Deep Learning Weekly: Issue 430

Kimi K2 Thinking, Nested Learning: A new ML paradigm for continual learning, a paper on SPICE: Self-Play In Corpus Environments Improves Reasoning, and many more!

Nov 13, 2025

This week in deep learning, we bring you Kimi K2 Thinking, Nested Learning: A new ML paradigm for continual learning, and a paper on SPICE: Self-Play In Corpus Environments Improves Reasoning.

You may also enjoy Omnilingual ASR: Advancing Automatic Speech Recognition for 1,600+ Languages, TabPFN-2.5 Model Report, a paper on Synthetic Socratic Debates: Examining Persona Effects on Moral Decision and Persuasion Dynamics, and more!

As always, happy reading and hacking. If you have something you think should be in next week’s issue, find us on Twitter: @dl_weekly.

Until next week!

Industry

Kimi K2 Thinking

The Moonshot team introduced Kimi K2 Thinking, an open-source thinking model that sets new records across benchmarks that assess reasoning, coding, and agent capabilities.

Omnilingual ASR: Advancing Automatic Speech Recognition for 1,600+ Languages

Meta introduced Omnilingual Automatic Speech Recognition (ASR), a suite of models providing automatic speech recognition capabilities for more than 1,600 languages.

TabPFN-2.5 Model Report

Prior Labs releases TabPFN-2.5, a tabular foundation model that matches complex AutoGluon ensembles while scaling to 50,000 samples and 2,000 features.

Anthropic and Iceland announce one of the world’s first national AI education pilots

Anthropic and Iceland’s Ministry of Education and Children announced a partnership to bring Claude to teachers across the nation, launching one of the world’s first comprehensive national AI education pilots.

AI-powered visual presentation platform Gamma raises $68M at $2.1B valuation

Gamma announced that it has raised $68 million, led by Andreessen Horowitz, at a valuation of $2.1 billion.

MLOps & LLMOps.

Human-in-the-Loop Review Workflows for LLM Applications & Agents

A blog post explaining Human-in-the-Loop review workflows, including systematic tracing and structured rubric design.

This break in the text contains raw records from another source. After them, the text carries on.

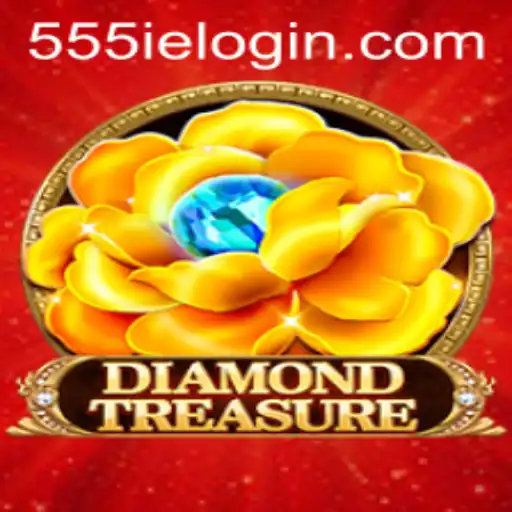 Discover Diamondtreasure: An Engaging Adventure with 555ie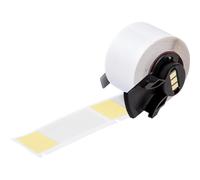 Brady M6-21-427-YL Self-Laminating Vinyl Wrap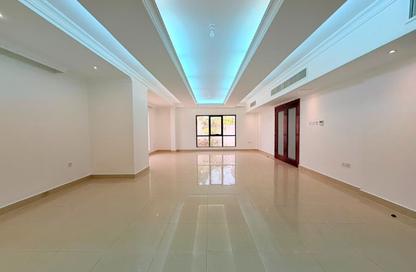 Villa - 5 Bedrooms - 6 Bathrooms for rent in Al Karamah - Abu Dhabi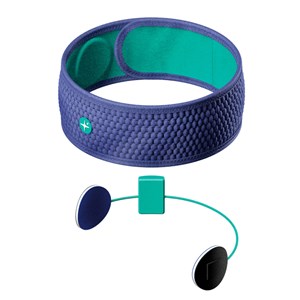 Bandeau Hoomband Bluetooth taille unique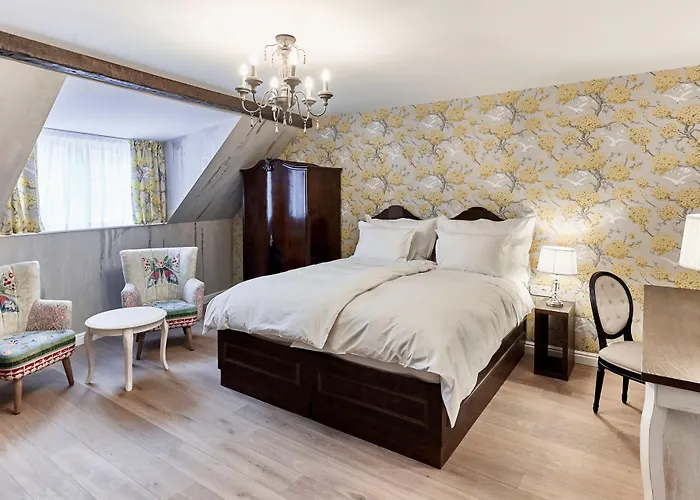 Hotel Maison Bistro &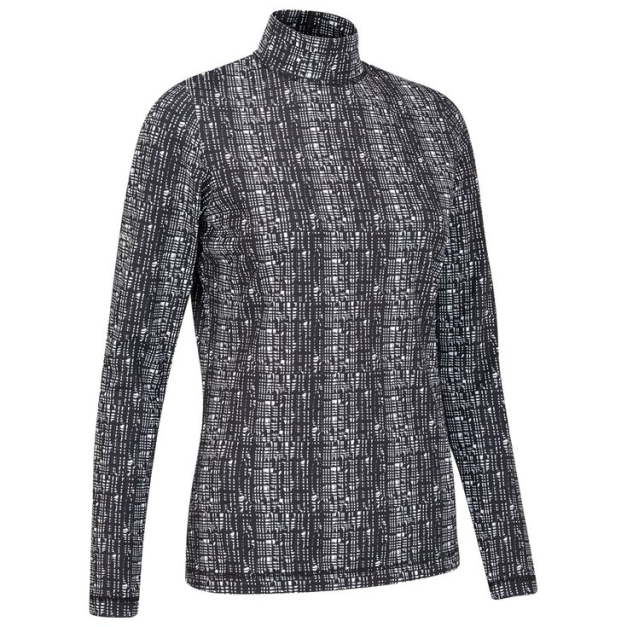 Pull Wendy Black Multi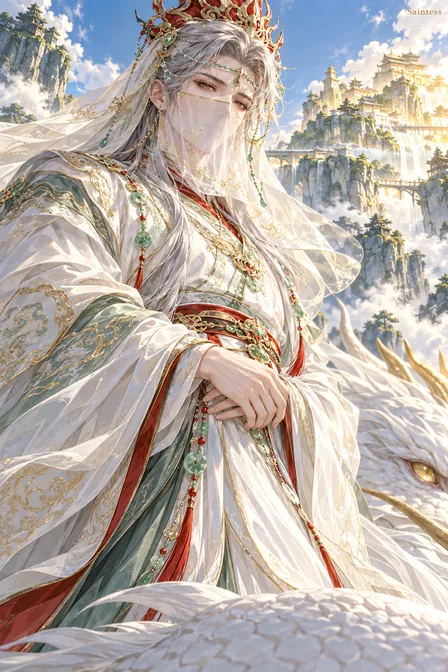 Bai Qi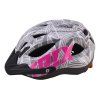Prilba Extend TRIX labirint light grey XS/S (48-52cm)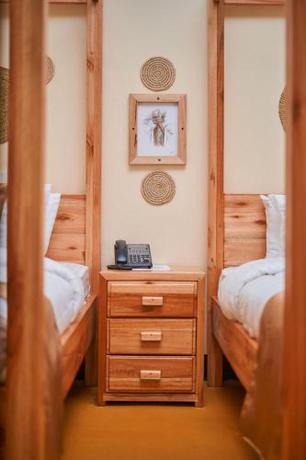 Orlando Cottages in Arusha, Tanzania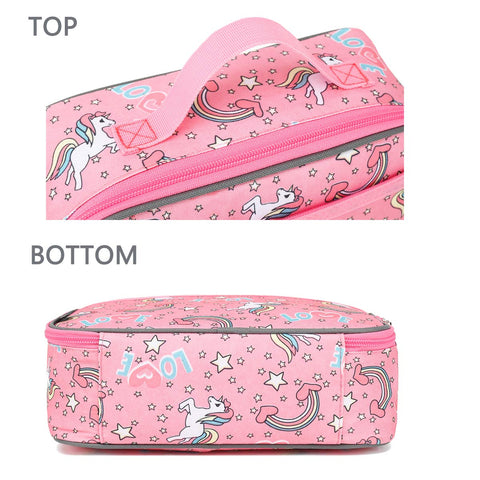 FlowFly PVC, BPA and Phthalate-free material for safer storage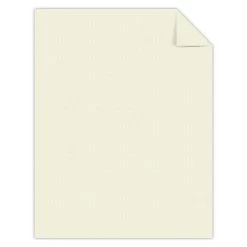 Neenah 80lb Classic Crest Cardstock 8.5"X11" 250/Pkg -Professional Arts and Crafts Supplies Store 52d12a46b96f9c6725e5e3d42969269c16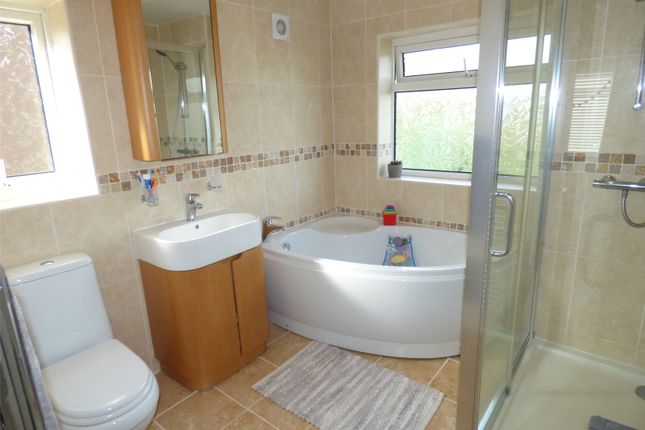 Semi-detached house for sale in Chantry Road, Disley, Stockport, Cheshire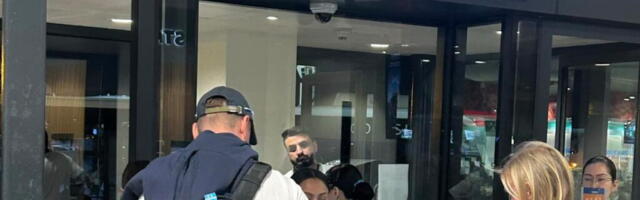 Выплаты по турстраховкам из-за ситуации на Ближнем Востоке оцениваются в сотни тысяч евро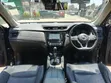 2019 Nissan X-Trail 2.0 Petrol AWD Black - 4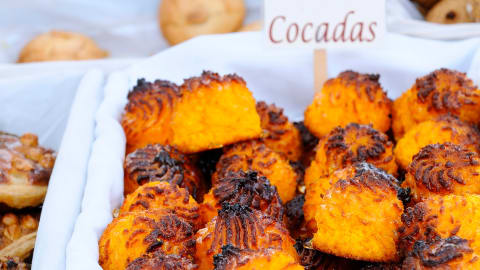 The 10 Tastings of Cartagena in Cartagena - CL_Cartagena_Food_MAIN1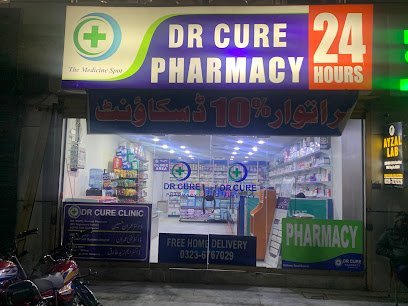 Dr. Cure Pharmacy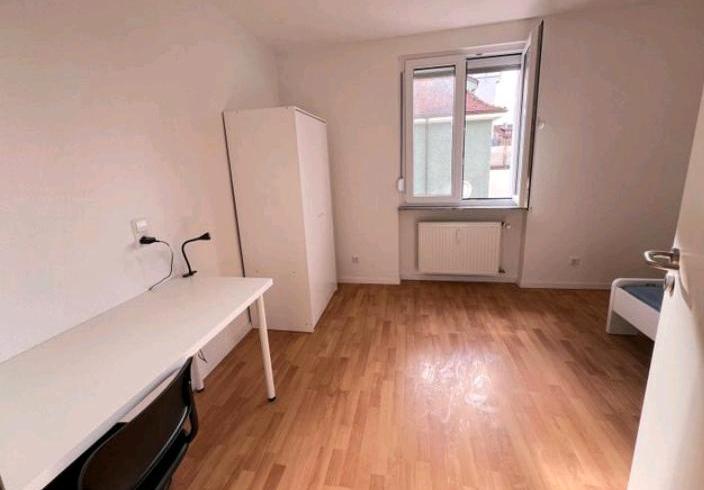 Etagenwohnung Zell im Wiesental - 3 Zimmer, 15 m&sup2;, 650&euro; | Angebot:24769353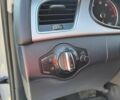 Серый Ауди А4, объемом двигателя 2 л и пробегом 164 тыс. км за 12000 $, фото 7 на Automoto.ua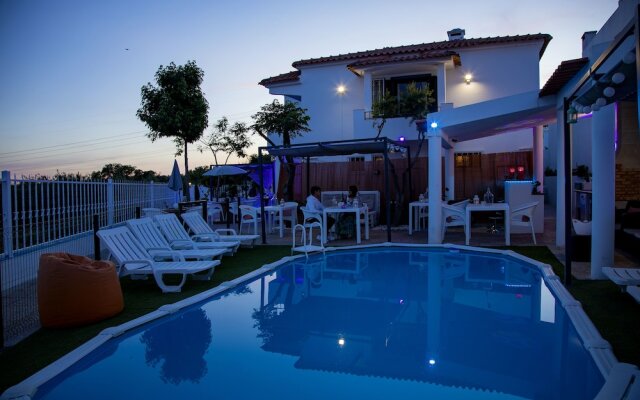 4Ever Palace Design & Nature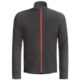 Icebreaker GT 260 Commute Cycling Jersey - Merino Wool, Long Sleeve (For Men)
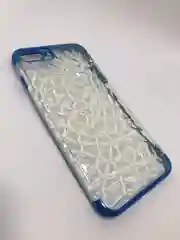 Защитный силиконовый чехол для iphone 7plus, iphone 8plus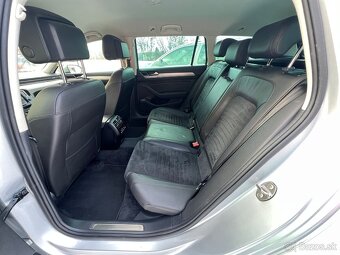 VW Passat Variant 2.0 TDI DSG 4Motion - Třinec (ČR) - 15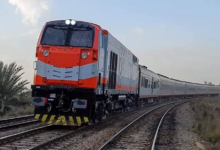 بسبب التقلبات الجوية.. السكك الحديدية تطبق إجراءات السلامة على خطوط الوجهين البحري والقبلي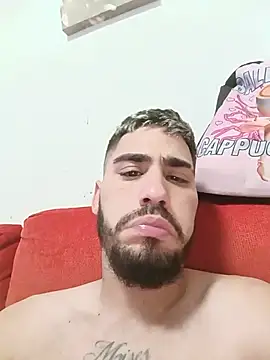 Show de webcam de Soysincara12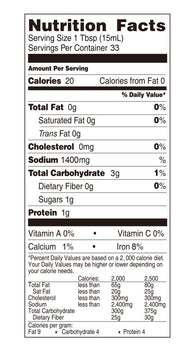 Pearl River Bridge Superior Dark Soy Sauce 珠江橋老抽王  500ml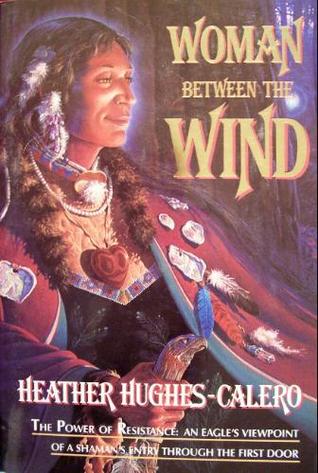 Woman Between the Wind: Power of Resistance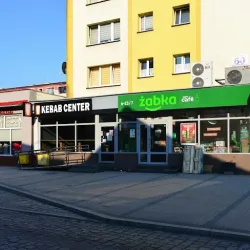 Żabka | Prosto Z Pieca (Gryfice )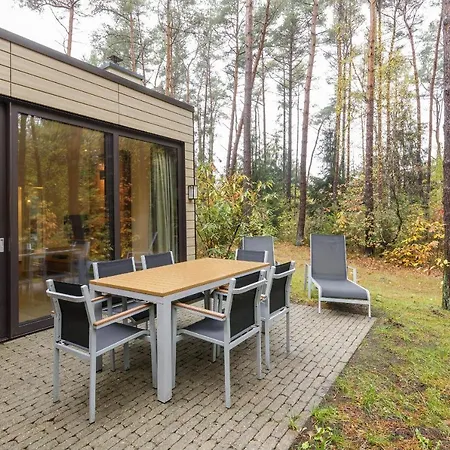 Center Parcs Bispinger Lueneburger Heide Hotel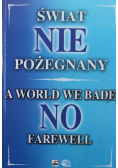 Świat NIEpożegnany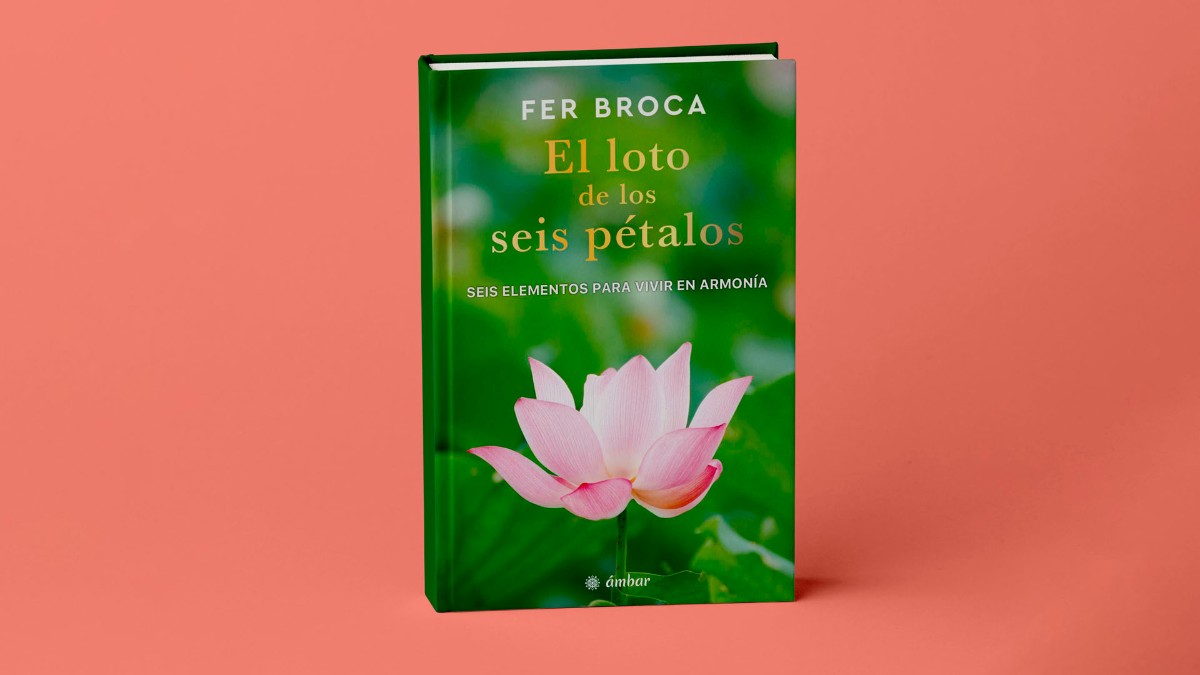 El Loto de los 6 Pétalos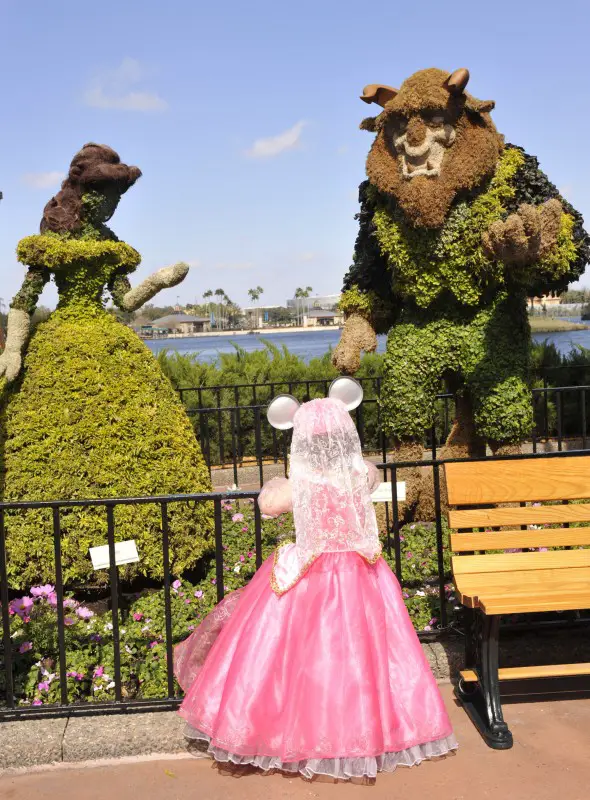 HGTV and DIY Network Stars appear at The 2014 Epcot Flower & Garden Festival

Building powerful RAG pipelines with Docling and OpenSearch

A technical blog post detailing how to build RAG pipelines by integrating the Docling document processing toolkit with OpenSearch for high-performance, metadata-aware vector retrieval.

Where to use sub-agents versus agents as tools

A blog post explaining the key difference between sub-agents and agents as tools in multi-agent systems.

Learning

Best LLM Observability Tools of 2025: Top Platforms & Features

Learn about the top LLM observability tools of 2025, including Opik, Langfuse, and Datadog, to monitor, evaluate, and optimize model performance.

Nested Learning: A new ML paradigm for continual learning

A foundational research blog introducing the Nested Learning paradigm, which unifies model architecture and optimization as interconnected problems to create continuum memory systems.

5 Thoughts on Kimi K2 Thinking - by Nathan Lambert

An article providing a few quick reactions and a technical analysis of the Kimi K2 Thinking model, highlighting its strong performance and the growing influence of Chinese AI labs.

Libraries & Code

comet-ml/opik

An open-source LLM evaluation tool used to debug, evaluate, and monitor LLM applications, RAG systems, and agentic workflows with comprehensive tracing, automated evaluations, and production-ready dashboards.

Papers & Publications

SPICE: Self-Play In Corpus Environments Improves Reasoning

Abstract:

Self-improving systems require environmental interaction for continuous adaptation. We introduce SPICE (Self-Play In Corpus Environments), a reinforcement learning framework where a single model acts in two roles: a Challenger that mines documents from a large corpus to generate diverse reasoning tasks, and a Reasoner that solves them. Through adversarial dynamics, the Challenger creates an automatic curriculum at the frontier of the Reasoner’s capability, while corpus grounding provides the rich, near-inexhaustible external signal necessary for sustained improvement. Unlike existing ungrounded self-play methods that offer more limited benefits, SPICE achieves consistent gains across mathematical (+8.9%) and general reasoning (+9.8%) benchmarks on multiple model families. Our analysis reveals how document grounding is a key ingredient in SPICE to continuously generate its own increasingly challenging goals and achieve them, enabling sustained self-improvement.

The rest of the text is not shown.